Although the Economist article focuses on the security situation in Venezuela, it opens the broader issue of diplomatic immunity in modern times. Article 29 of the Vienna Convention on Diplomatic Relations states that the host state ‘shall take all appropriate steps to prevent any attack on his person (the diplomat’s), freedom or dignity.’ The negotiators of the Vienna Convention spent months negotiating the level of protection, dismissing other proposals, such as ‘all necessary’, and ‘all required’, and agreeing to accept the vaguest formulation ‘all appropriate’. What is the appropriate level of protection of diplomats in a city with a high crime rate, such as Caracas?
The main spirit of the Vienna Convention was to ensure that a diplomat is not disturbed in his work, by the authorities of the receiving state. There was a tacit assumption that the receiving state could ensure public order and the protection of diplomats from criminal and similar activities. But with the increasing challenges the state faces to protect the legal order in many – not only “failed states” — there is a question of how to define “all appropriate” measures. Did Venezuela take “all appropriate” measures in protecting diplomats who were kidnapped or attacked?
Article 29 of the Vienna Convention is vague, and it may require only a reinterpretation of what is appropriate protection in modern times.

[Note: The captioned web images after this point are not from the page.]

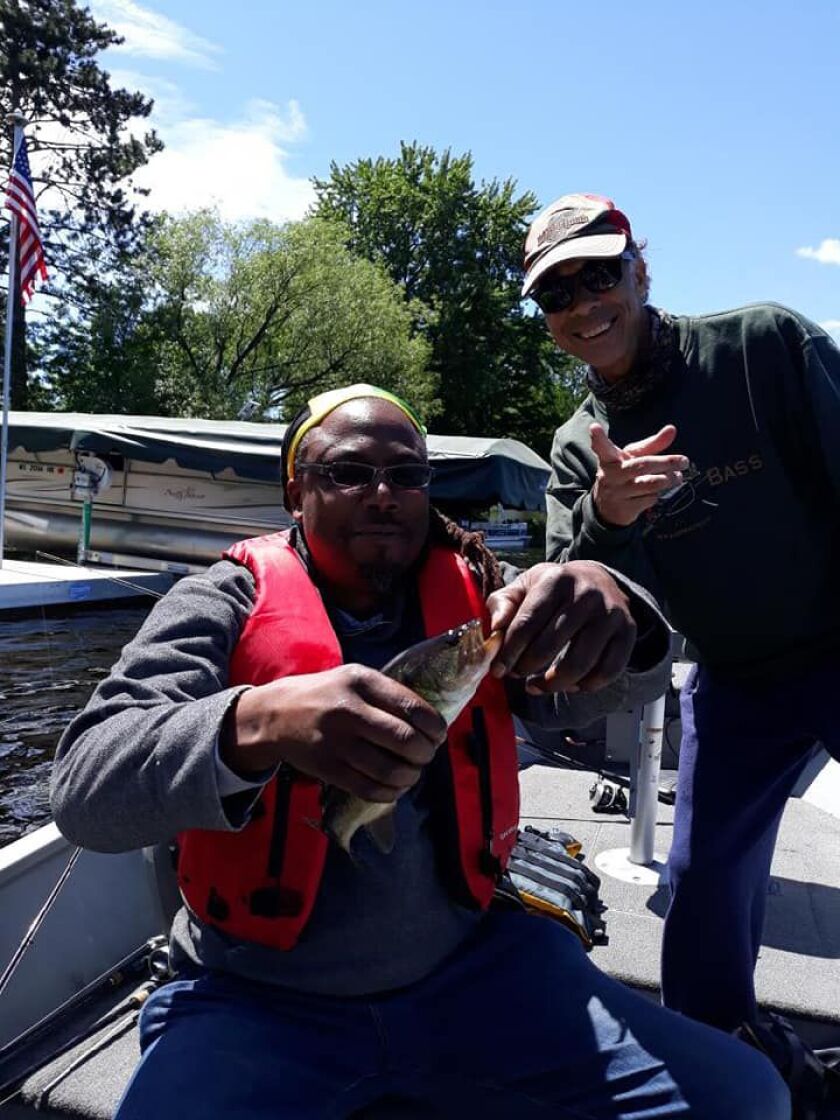 DJ Fyre unhooks a fish on the Wisconsin River with Rob Abouchar in the background. Provided photo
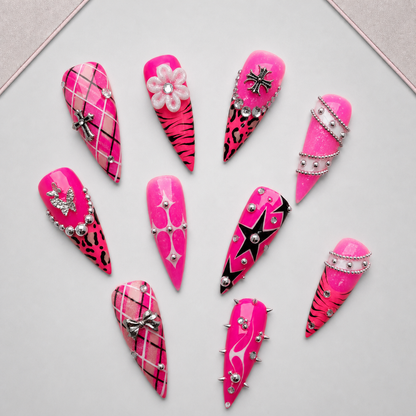 Pink Rebel Mix press-on nails arranged on an approved display tray, showing varied graphic art and silver-toned embellishments.
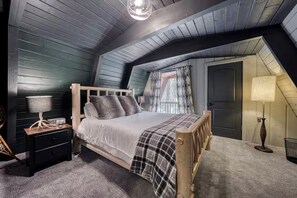A bedroom with a sloped ceiling, a bed with a wooden frame, a nightstand with a lamp, and a window with curtains. - Modern A-Frame Cabin with Hot Tub Near Yellowstone, Island Park, Idaho (Island Park)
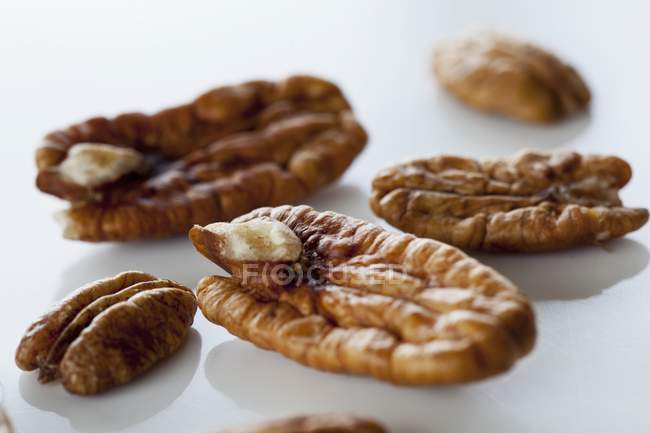 Pecan nuts on white — Stock Photo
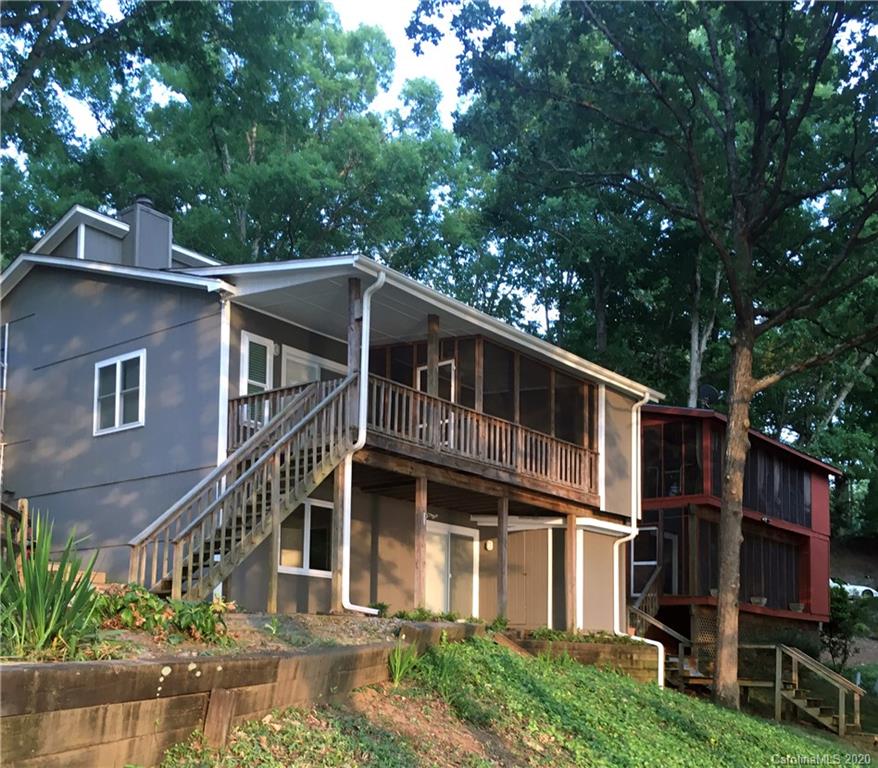 28006 Marina Drive, Unit 6 Tega Cay, SC 29708 - Photo 30 of 32 a front view of a house with yard porch and furniture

However, some other articles may require redrafting to update the convention. The Internet and social media communication put some provisions of the Vienna Convention out of sync with current times. This is particularly the case with the facilitation of the free communication of diplomatic missions (Article 27). Should diplomatic e-mail enjoy the same protection as the traditional diplomatic valise? Article 41, which regulates communication with local entities may require redrafting. If the second part of Article 41 is strictly interpreted, many modern e-diplomats using blog, Twitter and Facebook would be considered persona non grata:
2. All official business with the receiving State entrusted to the mission by the sending State shall be conducted with or through the Ministry for Foreign Affairs of the receiving State or such other ministry as may be agreed.
Is it time for a review of the Vienna Convention on Diplomatic Relations?